Produktivitätsverlust ohne ChatGPT: 50%

Am 30. November 2022 veröffentlicht OpenAI ChatGPT. Am 20. April 2023 ist der Chatbot bereits eine für Teile der Wirtschaft notwendige Schlüsseltechnologie geworden. Fällt sie aus, sinkt die Produktivität um 50 Prozent, wie der Fall Italien zeigt.

Vor einigen Monaten wurde ChatGPT aufgrund von Datenschutzbedenken in Italien gesperrt. Heute habe ich in einem Paper von David Kreitmeir und Paul Raschky über den damit einhergehenden Produktivitätsverlust gelesen. Obwohl nur der produktive Output von Programmierern (durch Releases auf GitHub) gemessen wurde, ist jetzt schon klar: Der Verlust an Produktivität war enorm.
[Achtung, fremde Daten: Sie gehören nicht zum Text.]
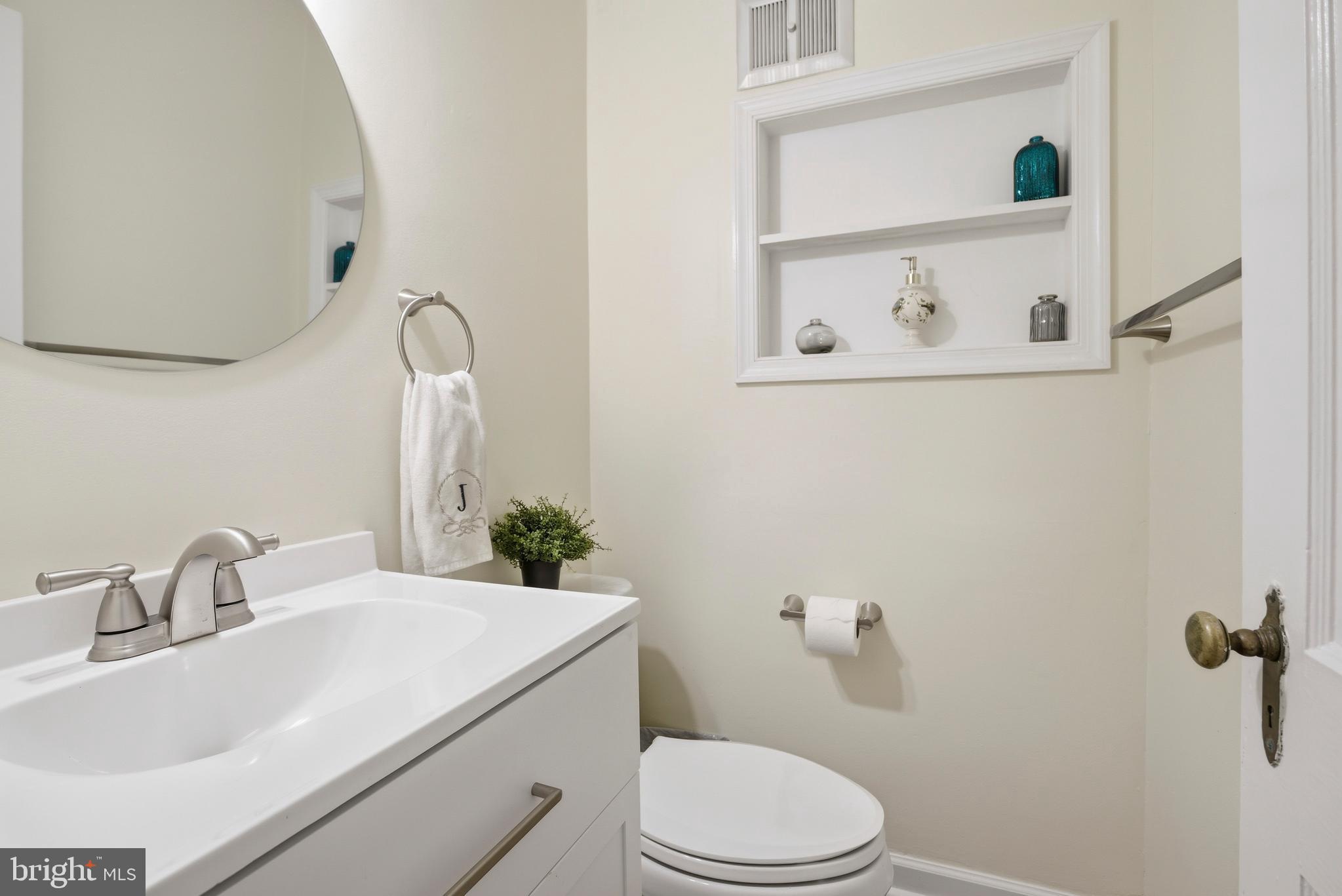 SWARTHMORE HILLS - Residential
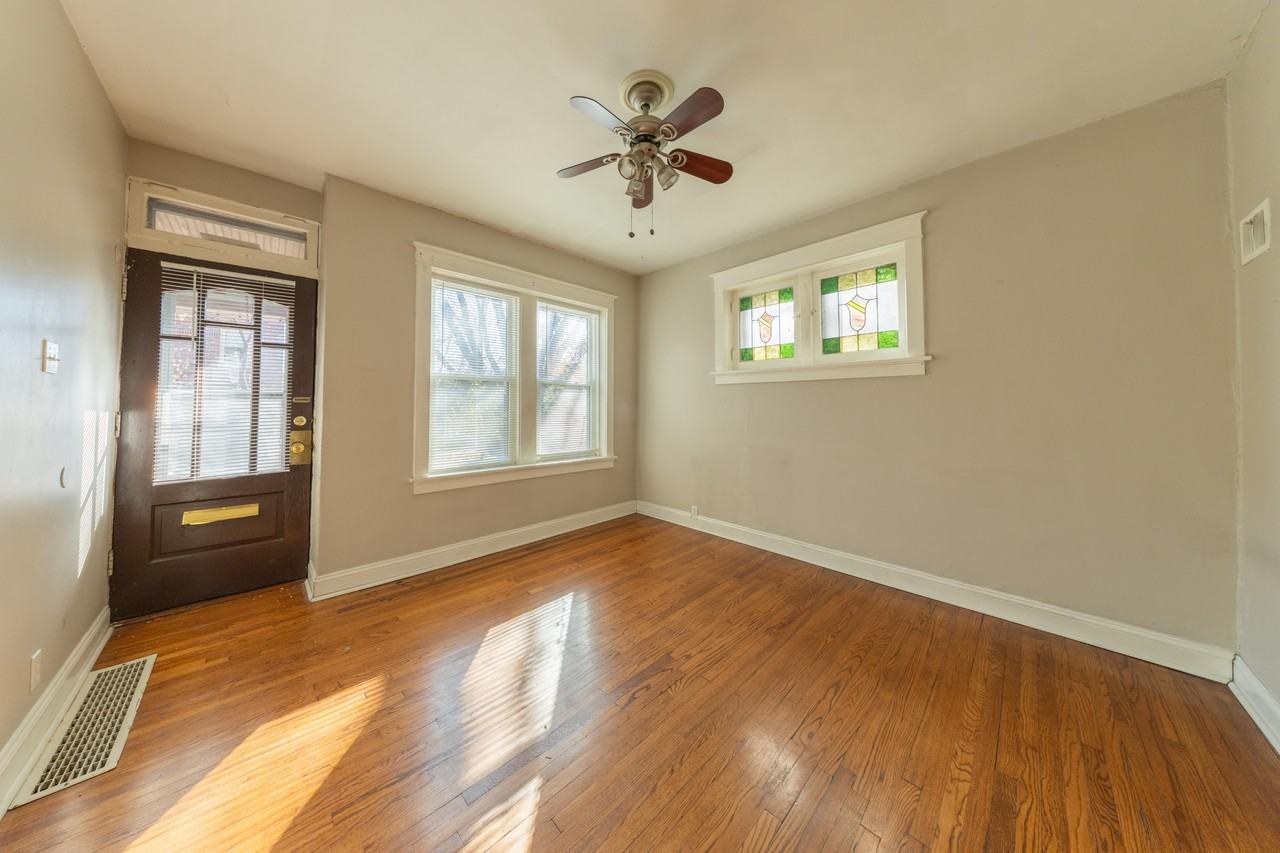 2009 Maury Ave - Photo 3 of 28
We analyse the effects of the ban of ChatGPT […] on individual productivity. We first compile data on the hourly coding output of over 8,000 professional GitHub users in Italy and other European countries to analyse the impact of the ban on individual productivity. Combining the high-frequency data with the sudden announcement of the ban in a difference-in-differences framework, we find that the output of Italian developers decreased by around 50% in the first two business days after the ban and recovered after that.

Kreitmeir, Raschky

50 Prozent sind schon eine gewaltige Zahl, auch wenn dieser Rückgang nur zwei Tage andauerte. Es lohnt sich, die knapp 19 Seiten zu lesen, denn in diesem mit 20. April 2023 datierten Paper – nur, um das in Relation zu setzen: das ist gerade mal knappe 5 Monate nach der Veröffentlichung von ChatGPT durch OpenAI – zeigen die Autoren auf, wie (1) rasch Italiener:innen auf die Sperre der KI mit VPNs und anderen Technologien zur Umgehung einer derartigen Zensur reagiert haben, (2) wie schnell sich das Produktivitätslevel danach wieder erholt hat und, (3) dass diese Sperre in den freien Datenverkehr gezeigt hat, wie sehr ChatGPT in der Wirtschaft bereits aktiv „for high-skilled tasks in the economy“ benutzt wird.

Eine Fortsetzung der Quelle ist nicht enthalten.